▸ TASK STATEMENT
Please report every line in the material below where the word "Nike" is found.

▸ EXTRACTED DATA
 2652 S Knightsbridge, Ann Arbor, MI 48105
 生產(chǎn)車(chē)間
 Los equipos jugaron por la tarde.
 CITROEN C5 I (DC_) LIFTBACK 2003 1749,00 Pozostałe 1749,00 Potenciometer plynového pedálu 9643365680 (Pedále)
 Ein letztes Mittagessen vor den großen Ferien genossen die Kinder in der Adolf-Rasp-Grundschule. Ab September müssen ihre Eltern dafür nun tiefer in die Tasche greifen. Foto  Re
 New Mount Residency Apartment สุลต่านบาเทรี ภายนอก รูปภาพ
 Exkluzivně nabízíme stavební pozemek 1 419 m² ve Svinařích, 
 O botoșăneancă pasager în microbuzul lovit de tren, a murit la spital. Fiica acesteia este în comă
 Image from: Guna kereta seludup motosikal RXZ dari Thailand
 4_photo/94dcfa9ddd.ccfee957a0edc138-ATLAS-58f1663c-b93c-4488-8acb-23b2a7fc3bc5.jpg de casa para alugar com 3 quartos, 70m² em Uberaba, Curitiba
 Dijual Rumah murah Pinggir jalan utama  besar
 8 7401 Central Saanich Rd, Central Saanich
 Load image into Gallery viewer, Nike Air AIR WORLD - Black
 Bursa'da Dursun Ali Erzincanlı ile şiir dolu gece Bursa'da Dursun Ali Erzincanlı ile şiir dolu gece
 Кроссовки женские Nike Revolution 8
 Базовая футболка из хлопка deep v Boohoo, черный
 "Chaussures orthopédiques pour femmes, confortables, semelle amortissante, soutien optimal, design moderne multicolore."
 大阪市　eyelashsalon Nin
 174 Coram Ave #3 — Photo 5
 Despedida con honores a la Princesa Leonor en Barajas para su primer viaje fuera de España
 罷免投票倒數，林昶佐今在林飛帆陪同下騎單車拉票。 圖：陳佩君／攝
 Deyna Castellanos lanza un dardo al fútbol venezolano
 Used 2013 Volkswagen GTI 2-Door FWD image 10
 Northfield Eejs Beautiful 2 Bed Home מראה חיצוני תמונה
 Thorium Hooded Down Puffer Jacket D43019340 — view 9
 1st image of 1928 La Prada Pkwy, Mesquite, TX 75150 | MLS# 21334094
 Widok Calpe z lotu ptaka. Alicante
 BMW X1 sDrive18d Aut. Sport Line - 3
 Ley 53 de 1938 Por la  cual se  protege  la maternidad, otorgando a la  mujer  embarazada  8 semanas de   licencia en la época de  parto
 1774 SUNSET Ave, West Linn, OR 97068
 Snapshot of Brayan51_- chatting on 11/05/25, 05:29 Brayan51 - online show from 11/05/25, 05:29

▸ ANSWER FOR THE TASK
 Load image into Gallery viewer, Nike Air AIR WORLD - Black
 Кроссовки женские Nike Revolution 8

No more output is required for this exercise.